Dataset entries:
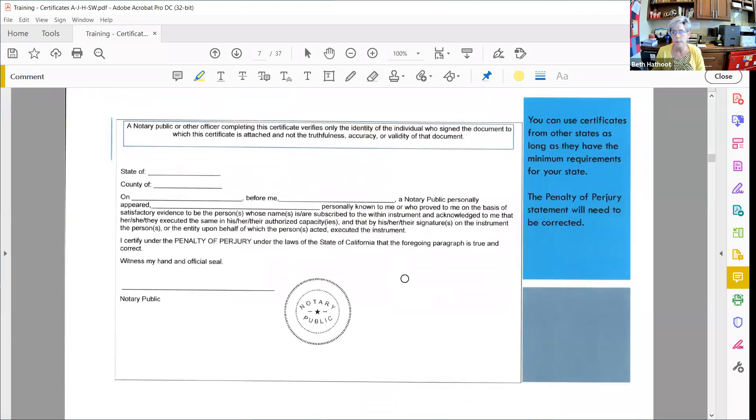Here's another one — this is actually a California acknowledgement. The way we know it's California is because California requires a statement box at the top of all their certificates. One caveat: for California acknowledgements for real estate transactions — if the property is in California, acknowledgements have to have that information box at the top. If the property is outside of California, they can use whatever's on the documents and it doesn't have to be California compliant.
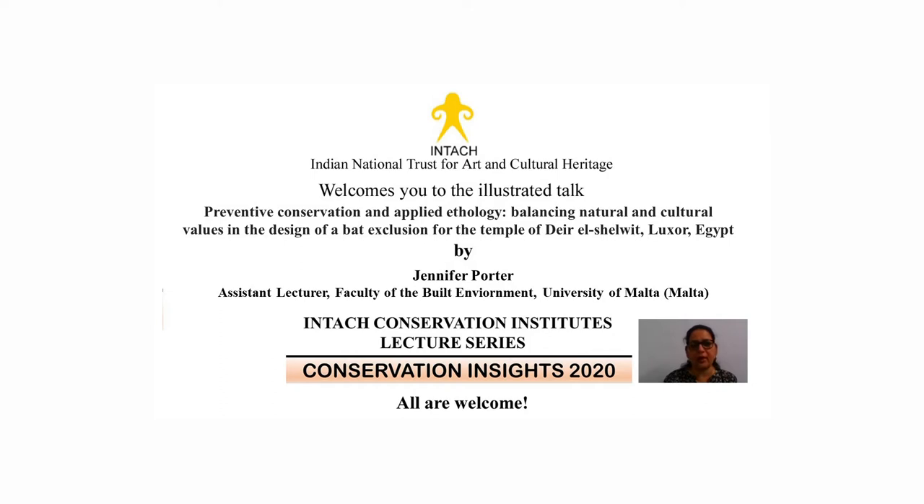Before I invite Jennifer for the talk, I'll request all of you to please mute your microphones. Type your questions in the chat box — those will be taken right at the end of the talk. Also type in your name, organization name, and email address; we'd love to know who has joined us today. A big thanks to Kira also for organizing this and the University of Malta. Over to you now.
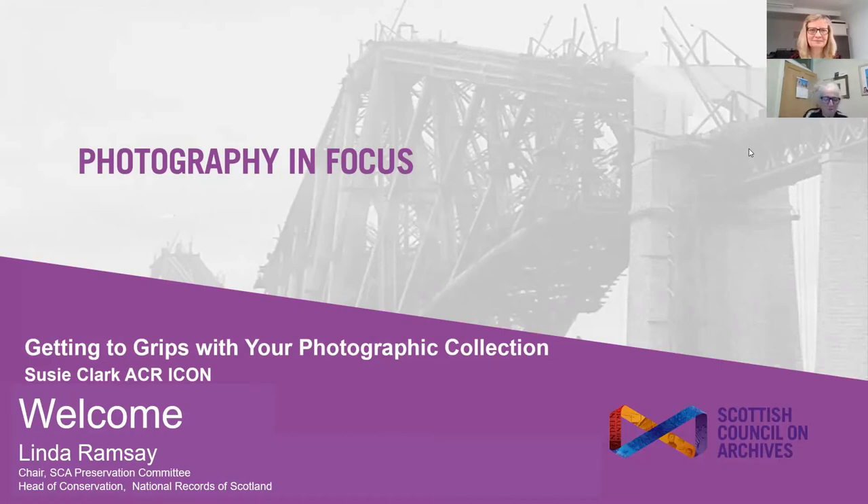Good morning and welcome to getting to grips with your photographic collections. My name is Linda Ramsey and I am Chair of the Preservation Committee. This series is organised by Robert Wright, Communities and Operations Officer for Scottish Council of Archives, working with Susie Clark, who is a key field leader in photographic conservation. The aim of today's presentation is to give context and form, but also to be an enjoyable way to build expertise and confidence for owners and custodians of collections. There will be an opportunity to pose questions in the questions and answers box at the end of the presentation.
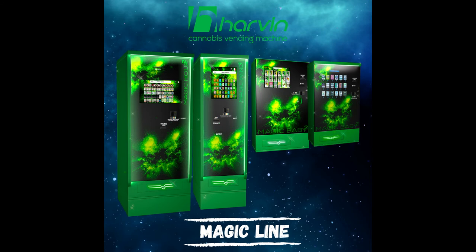Hi there everyone, welcome to RVN. We are an Italian company specialized in the vending industry. We have prepared a video to introduce you to our hemp vending machines line called MAGIC, which can really make a difference to your business.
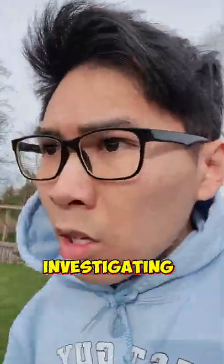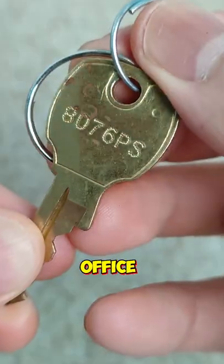Previously in my last video, I did some investigating and found out this key opens a post office box in Hogwarts.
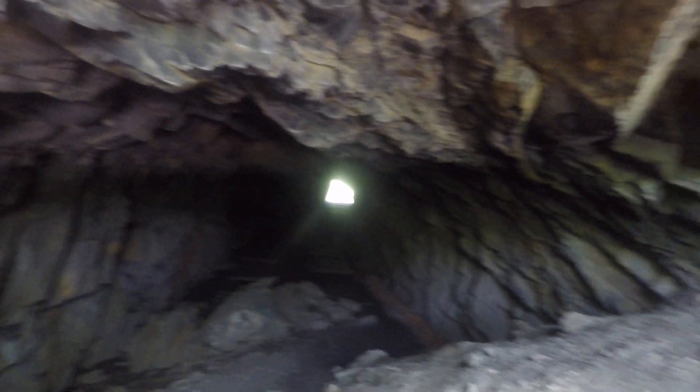Have you guys ever wondered what a deserted train tunnel looks like? Well, here's one. And we're gonna be exploring it.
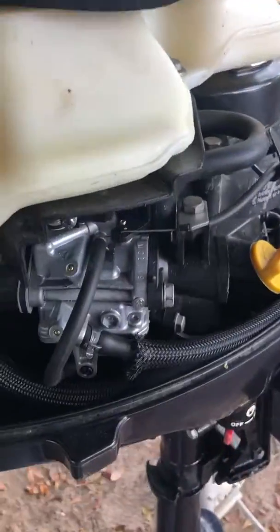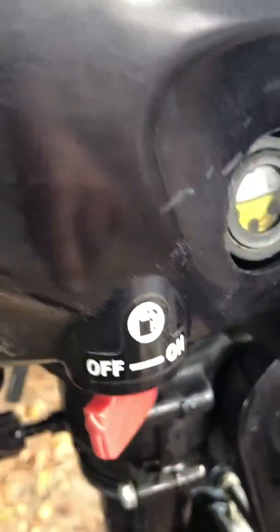I put a new carburetor on it — that did not fix it. I put a new fuel pump on — that did not fix it. I came right down in here and checked the filter on the cutoff switch right here. That did not fix it either.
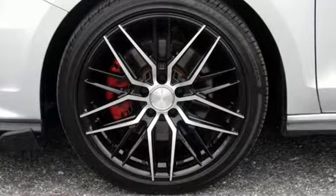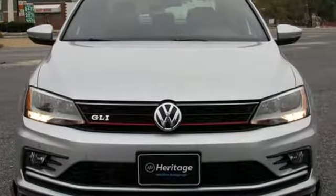Enjoy every drive in a Volkswagen. You need to drive it to believe it. See it for yourself today.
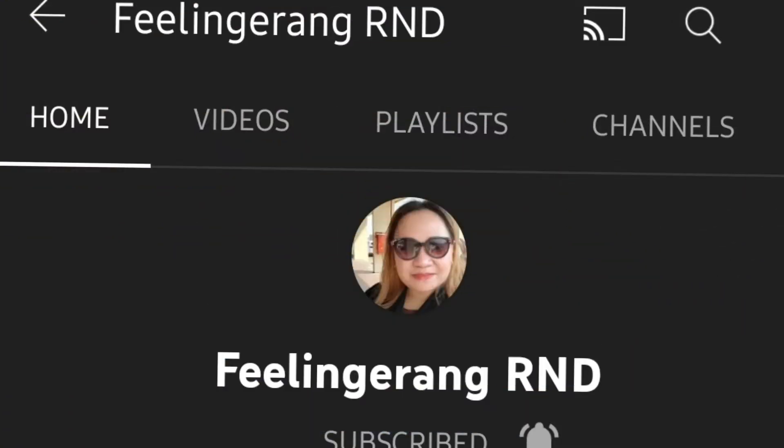Kung gusto nyo pong manood pa, pwede nyo pong puntahan yung aking mga playlist dyan. Pakisubscribe din yung aking second channel which is Feelingerang RnB — medyo hindi ko pa nalalagyan ng vlog yun, lalagyan ko pa yun kapag hindi na tayo busy. Maraming salamat, see you on my next vlog — bye bye!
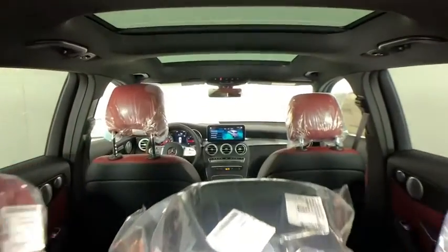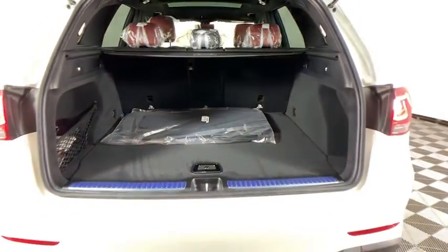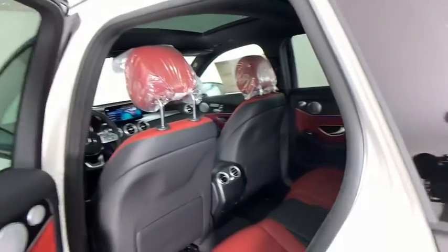Here are some of this vehicle's great options: power passenger seats, power liftgate, traction control, dual airbags, power steering, four-wheel disc brakes, active suspension system, power windows, heated front seats, and security system.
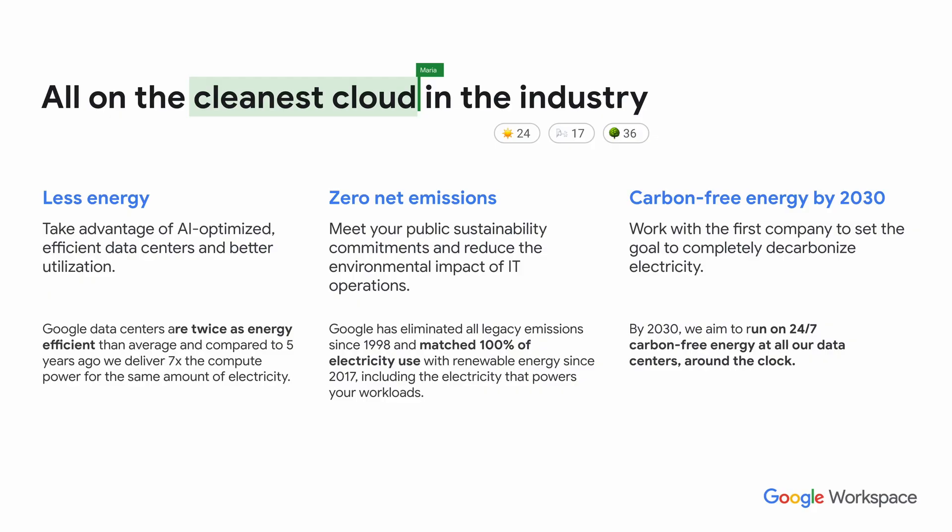Next, I wanted to mention the cleanest cloud in the industry — a title Google wears quite proudly. They use less energy, have used AI to optimize their data centers, and are now twice as energy efficient as they were five years ago. They are zero net emitters, helping organizations meet their own sustainability commitments, and by 2030 Google is committing to being carbon-free in terms of their energy consumption.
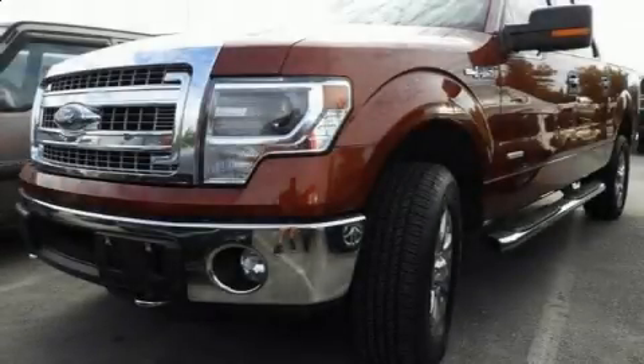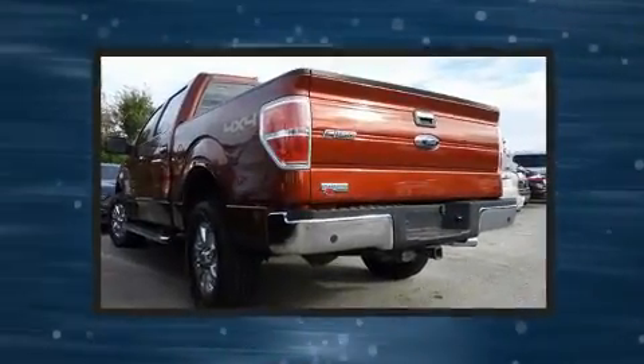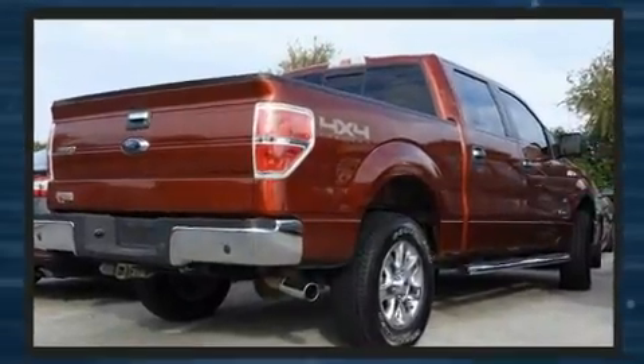Treat yourself to a test drive in the 2014 Ford F-150. A 3.5-liter V6 engine pairs with a sophisticated six-speed automatic transmission, providing a smooth and predictable driving experience.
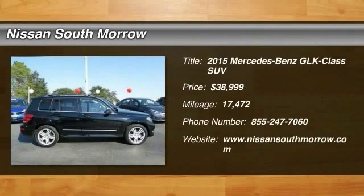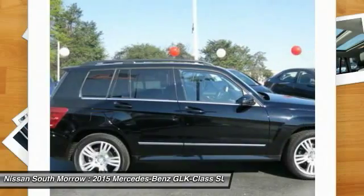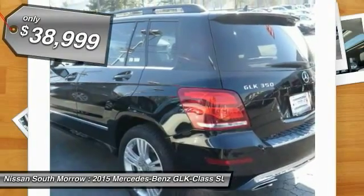The 2015 GLK class. Based on the C-Class, the GLK joins the small upscale SUV class. Its smooth 268 horsepower 3.5 liter V6 delivers quick acceleration and is priced below $40,000.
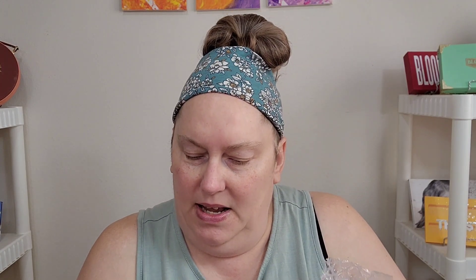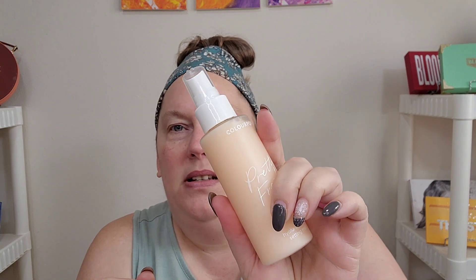I got a little bit of everything. So they had the primer, a sponge, and the setting spray — all three came as a set. I love this setting spray so much, I've had it before. It smells so good — I think this is the one that smells like coconut. It's the Pretty Fresh line, which is specifically for hydration with hyaluronic acid. I love it. And this is the primer — I will double prime with both of these.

EXERCISE DETAILS => Output exactly the lines from the one containing "The 2015 GLK" through the last line of the records above, both included, and leave out the pictures.

REPLY =>
The 2015 GLK class. Based on the C-Class, the GLK joins the small upscale SUV class. Its smooth 268 horsepower 3.5 liter V6 delivers quick acceleration and is priced below $40,000.
I got a little bit of everything. So they had the primer, a sponge, and the setting spray — all three came as a set. I love this setting spray so much, I've had it before. It smells so good — I think this is the one that smells like coconut. It's the Pretty Fresh line, which is specifically for hydration with hyaluronic acid. I love it. And this is the primer — I will double prime with both of these.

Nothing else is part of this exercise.